Evolution of intelligent data pipelines

The potential of artificial intelligence (AI) and machine learning (ML) seems almost unbounded in its ability to derive and drive new sources of customer, product, service, operational, environmental, and societal value. If your organization is to compete in the economy of the future, then AI must be at the core of your business operations.

A study by Kearney titled “The Impact of Analytics in 2020” highlights the untapped profitability and business impact for organizations looking for justification to accelerate their data science (AI / ML) and data management investments:

Explorers could improve profitability by 20% if they were as effective as Leaders
Followers could improve profitability by 55% if they were as effective as Leaders
Laggards could improve profitability by 81% if they were as effective as Leaders

The business, operational, and societal impacts could be staggering except for one significant organizational challenge—data. No one less than the godfather of AI, Andrew Ng, has noted the impediment of data and data management in empowering organizations and society in realizing the potential of AI and ML:

“The model and the code for many applications are basically a solved problem. Now that the models have advanced to a certain point, we’ve got to make the data work as well.” — Andrew Ng

Data is the heart of training AI and ML models. And high-quality, trusted data orchestrated through highly efficient and scalable pipelines means that AI can enable these compelling business and operational outcomes. Just like a healthy heart needs oxygen and reliable blood flow, so too is a steady stream of cleansed, accurate, enriched, and trusted data important to the AI / ML engines.

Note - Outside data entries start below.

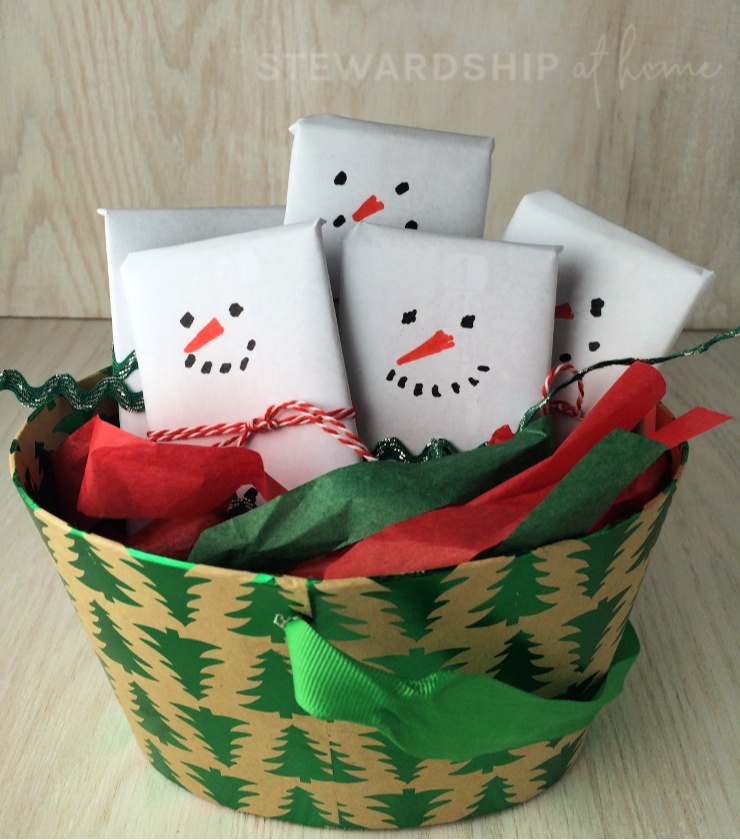 Snowmen Candy Bar Basket - Simple & Frugal Gift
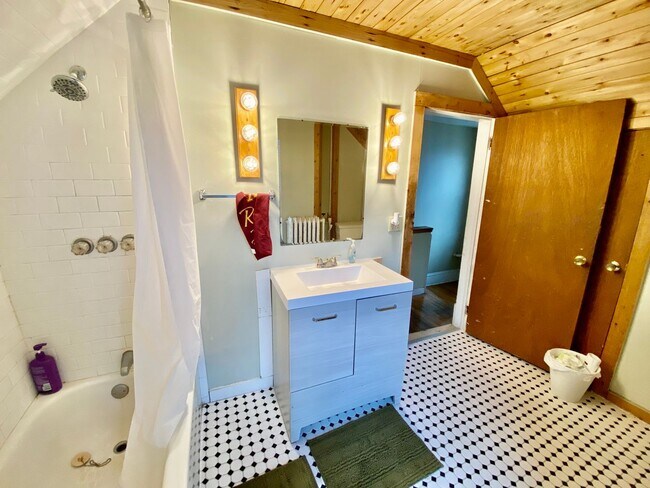 Building Photo - SPACIOUS 4BD House near U of M & Dinky Tow...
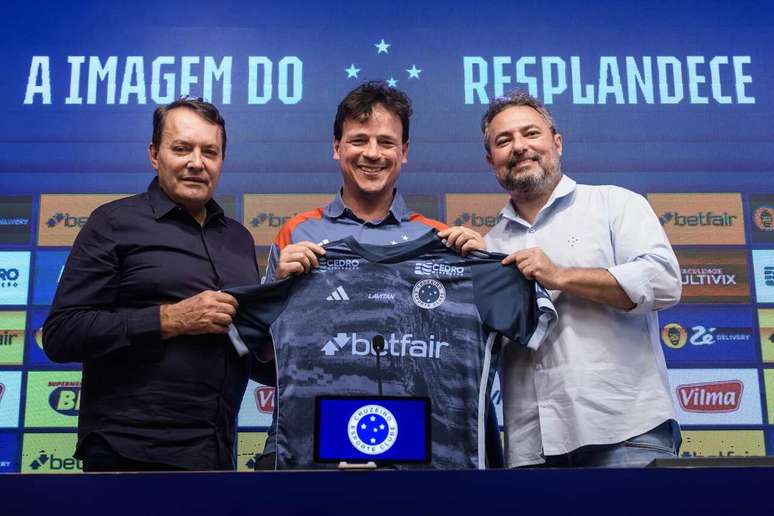 Fernando Diniz, do Cruzeiro, enfrentará novamente o Fluminense no Brasil -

For example, one CIO has a team of 500 data engineers managing over 15,000 extract, transform, and load (ETL) jobs that are responsible for acquiring, moving, aggregating, standardizing, and aligning data across 100s of special-purpose data repositories (data marts, data warehouses, data lakes, and data lakehouses). They’re performing these tasks in the organization’s operational and customer-facing systems under ridiculously tight service level agreements (SLAs) to support their growing number of diverse data consumers. It seems Rube Goldberg certainly must have become a data architect (Figure 1).

Figure 1: Rube Goldberg data architecture

Reducing the debilitating spaghetti architecture structures of one-off, special-purpose, static ETL programs to move, cleanse, align, and transform data is greatly inhibiting the “time to insights” necessary for organizations to fully exploit the unique economic characteristics of data, the “world’s most valuable resource” according to The Economist.

Emergence of intelligent data pipelines

The purpose of a data pipeline is to automate and scale common and repetitive data acquisition, transformation, movement, and integration tasks. A properly constructed data pipeline strategy can accelerate and automate the processing associated with gathering, cleansing, transforming, enriching, and moving data to downstream systems and applications. As the volume, variety, and velocity of data continue to grow, the need for data pipelines that can linearly scale within cloud and hybrid cloud environments is becoming increasingly critical to the operations of a business.

A data pipeline refers to a set of data processing activities that integrates both operational and business logic to perform advanced sourcing, transformation, and loading of data. A data pipeline can run on either a scheduled basis, in real time (streaming), or be triggered by a predetermined rule or set of conditions.

Additionally, logic and algorithms can be built into a data pipeline to create an “intelligent” data pipeline. Intelligent pipelines are reusable and extensible economic assets that can be specialized for source systems and perform the data transformations necessary to support the unique data and analytic requirements for the target system or application.

As machine learning and AutoML become more prevalent, data pipelines will increasingly become more intelligent. Data pipelines can move data between advanced data enrichment and transformation modules, where neural network and machine learning algorithms can create more advanced data transformations and enrichments. This includes segmentation, regression analysis, clustering, and the creation of advanced indices and propensity scores.

Finally, one could integrate AI into the data pipelines such that they could continuously learn and adapt based upon the source systems, required data transformations and enrichments, and the evolving business and operational requirements of the target systems and applications.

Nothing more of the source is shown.